EUROPEAN FX UPDATE: Euro elevated as Buck trades mixed vs other major rivals

Analysis details (10:15)

DXY/EUR

The Dollar index remained capped by psychological resistance around 102.000 even before the Euro got a boost from unexpectedly strong Spanish inflation data that lifted Eur/Usd towards 1.0900 from a low just above 1.0850, and the DXY only held off recent lows thanks to weakness/underperformance elsewhere within the basket. Moreover, the Euro coped well with a downside miss in German GDP given more recent signs of improvement in the Eurozone’s major economy that suggests it can avoid a technical recession, and the headline pair subsequently topped 1.0900 to the detriment of the index between 102.040-101.670 parameters.

AUD/CAD/JPY

At the opposite end of the G10 spectrum, cross-flows weighed on the Aussie along with declines in domestic and HK stocks, as Aud/Usd retreated from 0.7120 to 0.7069 and Aud/Nzd reversed from 1.0950 to the low 1.0900 area.
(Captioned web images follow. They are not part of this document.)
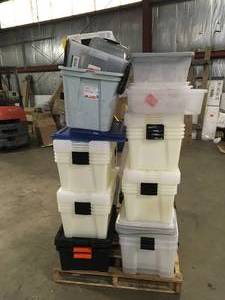 Pallet with assorted storage bins various models and conditions customer returns see pictures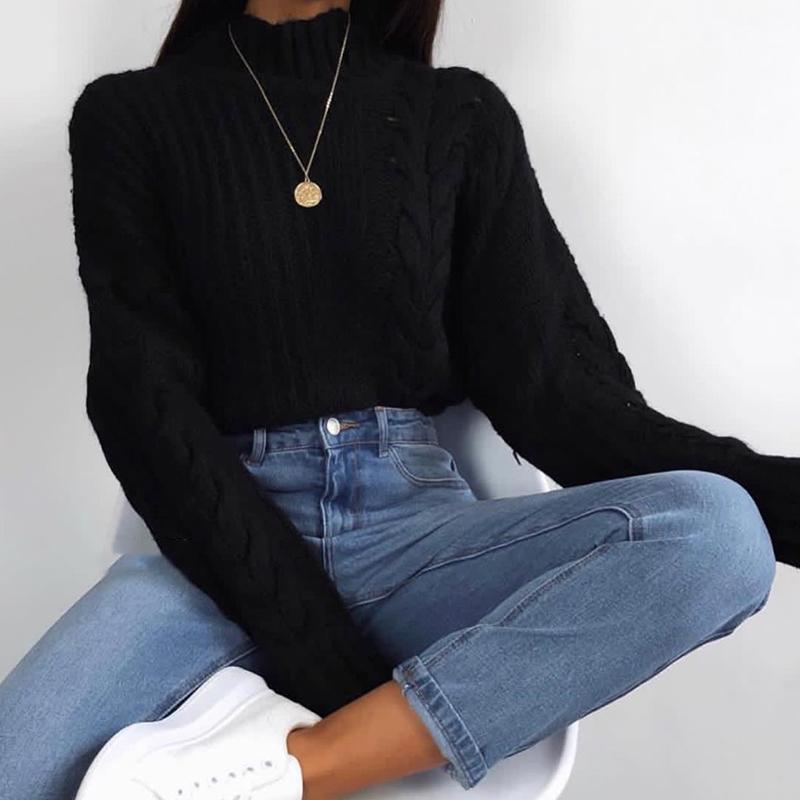 Casual High Collar Black Twist Loose Knit Sweater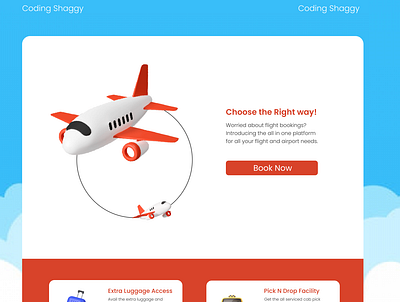Flight Booking Landing Page UI branding codinglife design graphic design ui uiuxdesign webdesign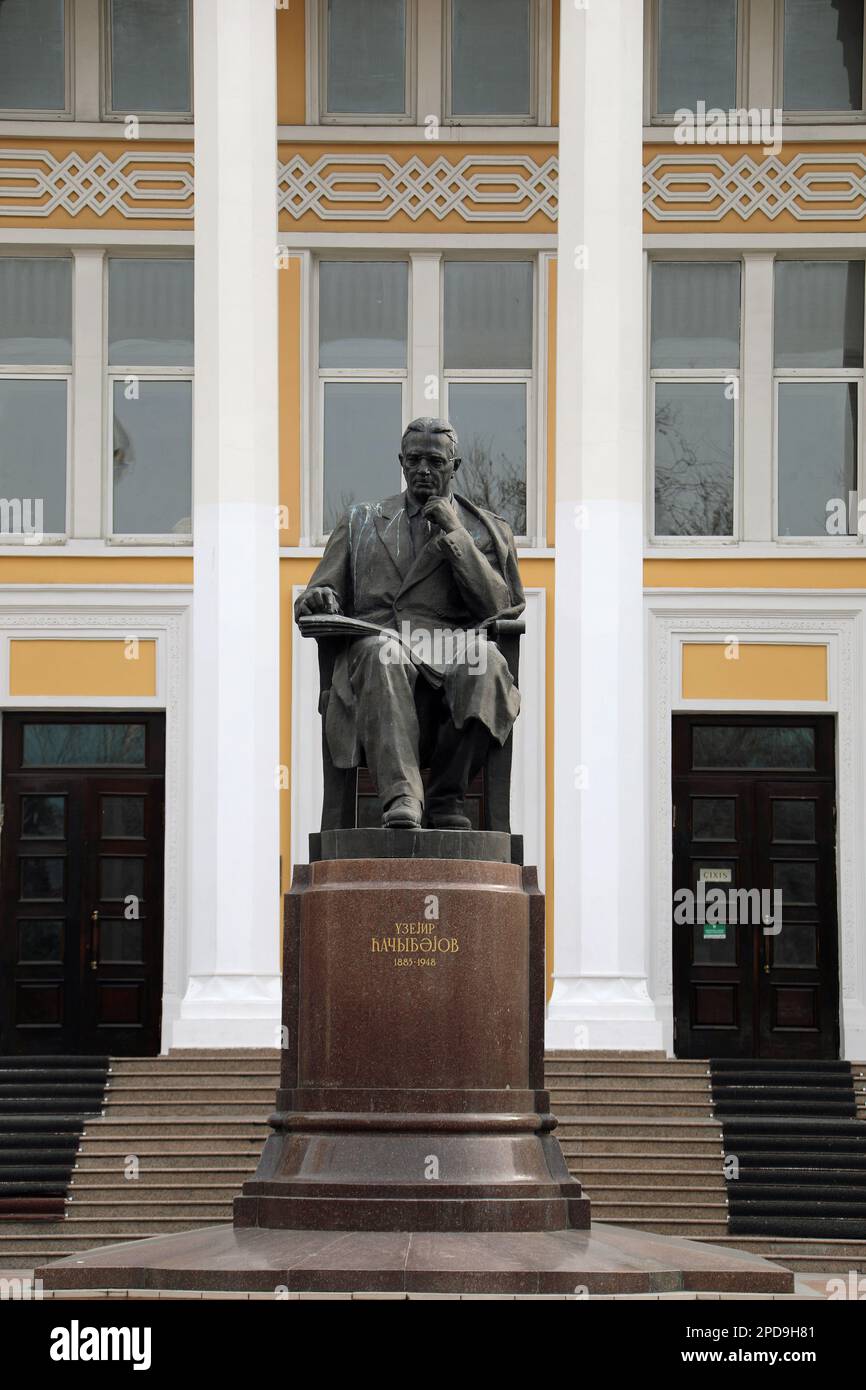 Monument to Russian composer Uzeyir Hajibeyov in Baku Stock Photo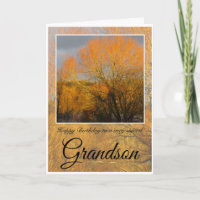 Birthday Grandson,  Sunkissed Winter Trees.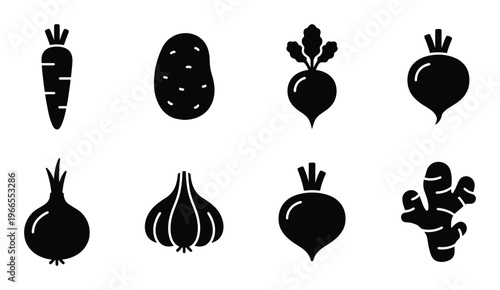 Root vegetables black silhouette icons set including carrot potato beet onion garlic and ginger root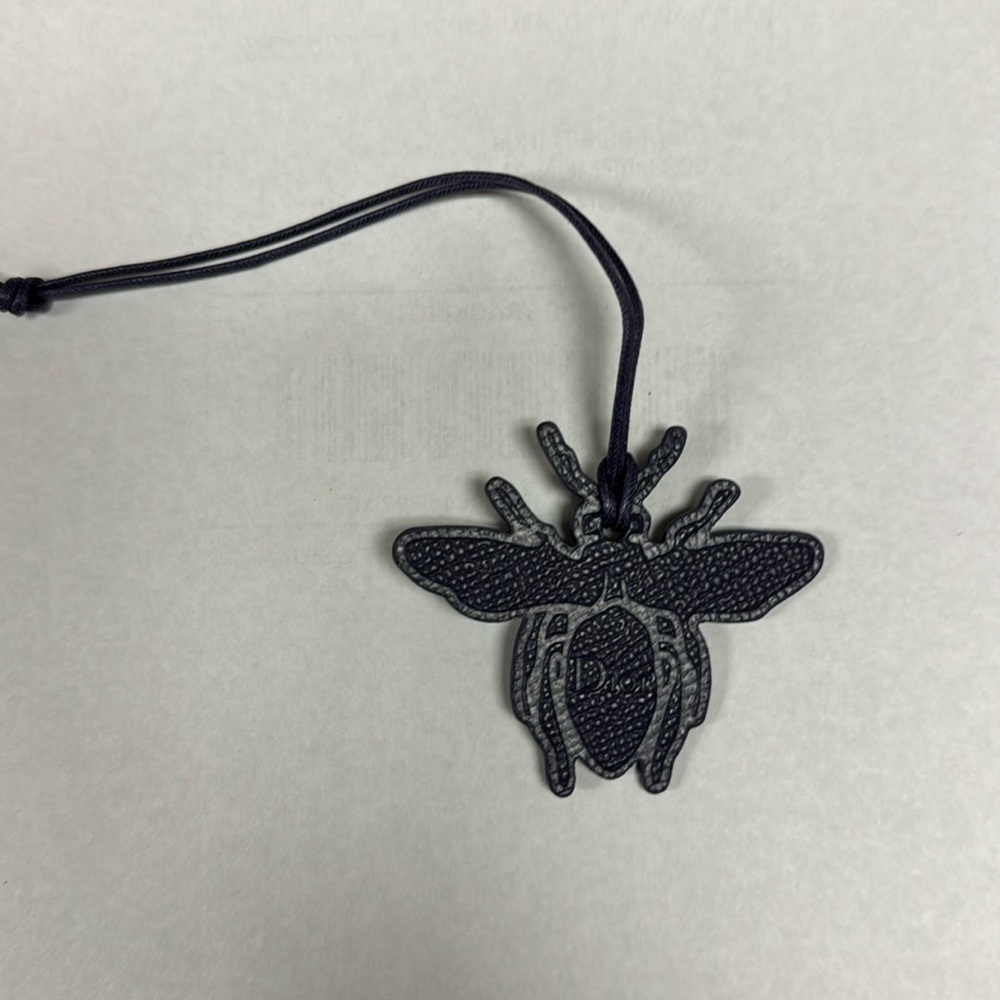Navy blue bee Dior bag charm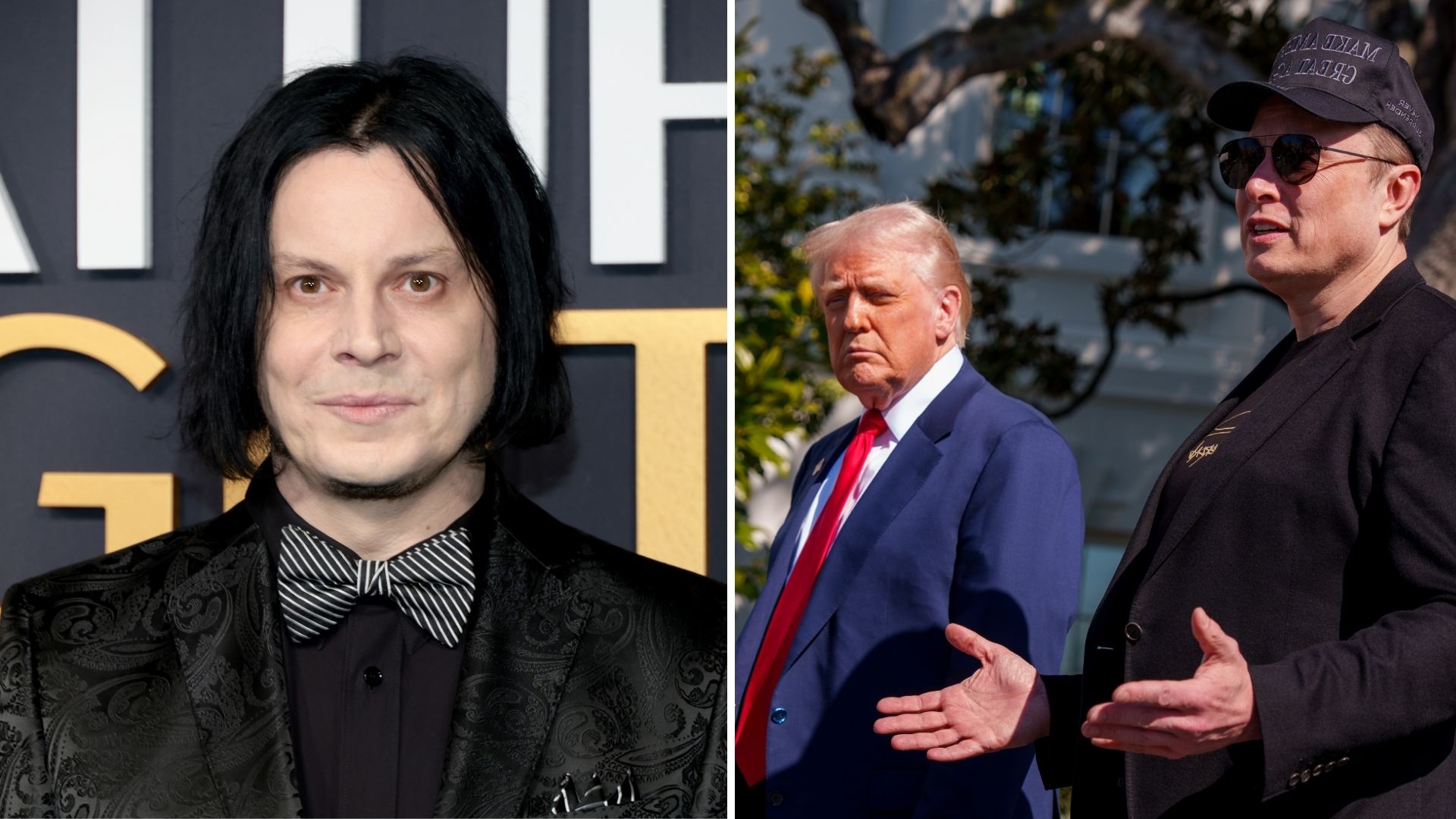 Jack White, Donald Trump e Elon Musk (Foto: Dimitrios Kambouris/Getty Images e Andrew Harnik/Getty Images)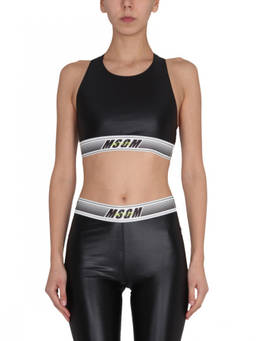 MSGM - Black Logo Round Neck Top
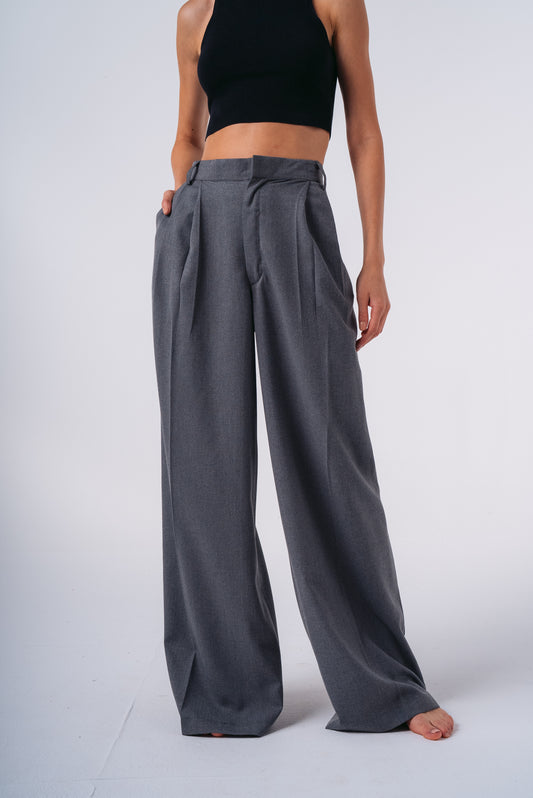 Wide Leg Trousers in Grey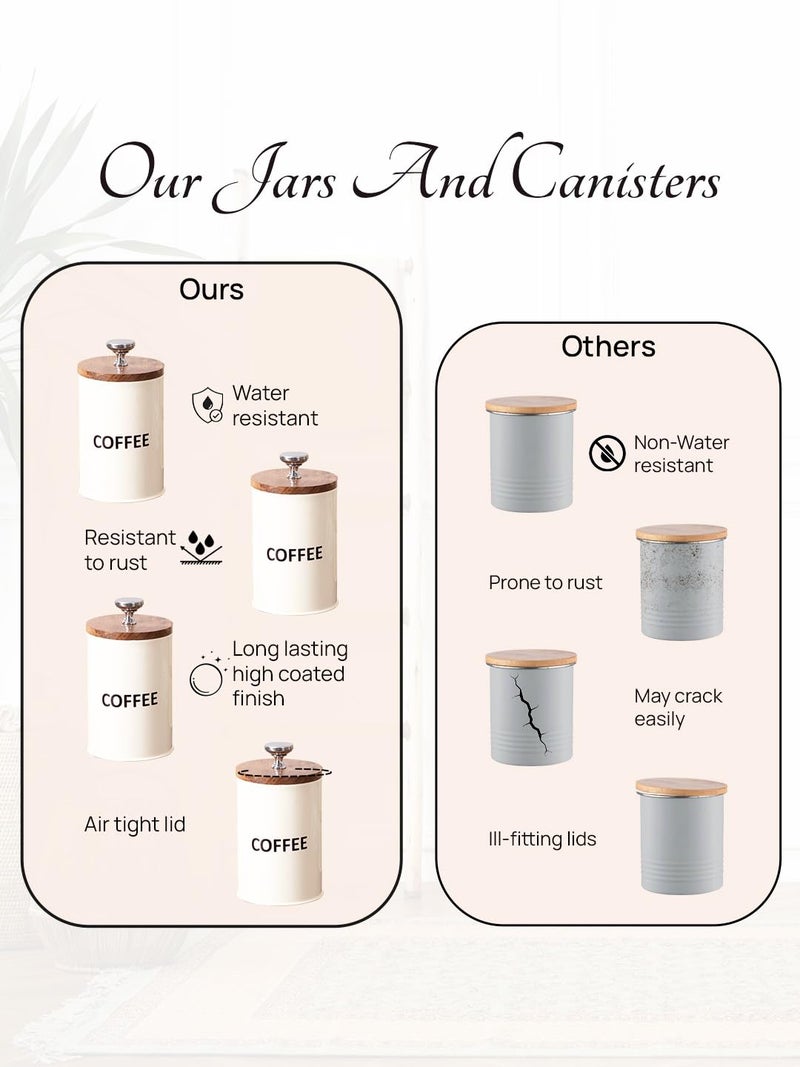 nestroots Stainless Steel Tea Coffee Sugar Containers Set Of 3 | Dry Fruits Kitchen Container Set | 1100 ML Off White Air Tight Containers For Kitchen Storage - Image 3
Elsewhere, the Loonie continued to encounter heavy offers at 1.3300, but managed to contain losses through 1.3350 and the Yen stalled circa 129.21 before retracing to 130.29 amidst yet more dovish guidance from BoJ Governor Kuroda (must continue easy policy and maintain the 2% inflation target, as yet to foresee inflation stably and sustainably hitting the level backed by wage growth). 

CHF/GBP/NZD

All rangy and sitting tight vs their US peer awaiting this week’s major events that come thick and fast following the turn of the month via the FOMC, BoE, ECB and NFP. The Franc firmed up to probe 0.9200 from 0.9231 at one stage with some fundamental backing as the Swiss KOF came in firmer than forecast, while Sterling rebounded from 1.2370 to peer over 1.2400 and the Kiwi welcomed a considerably narrower than previous NZ trade deficit by having another look above 0.6500 from 0.6473.

SCANDI/EM

The Sek was undermined by a shock Q4 Swedish GDP contraction, with Eur/Sek climbing more than Eur/Nok in the face of retracement in Brent crude, but the Huf was hit even harder by S&P going one further than Fitch and cutting Hungary’s credit rating. Conversely, the Cny enjoyed catch-up gains on return from China’s LNY and the Try got another fillip from improved economic sentiment to complement rises in manufacturing and consumer sentiment.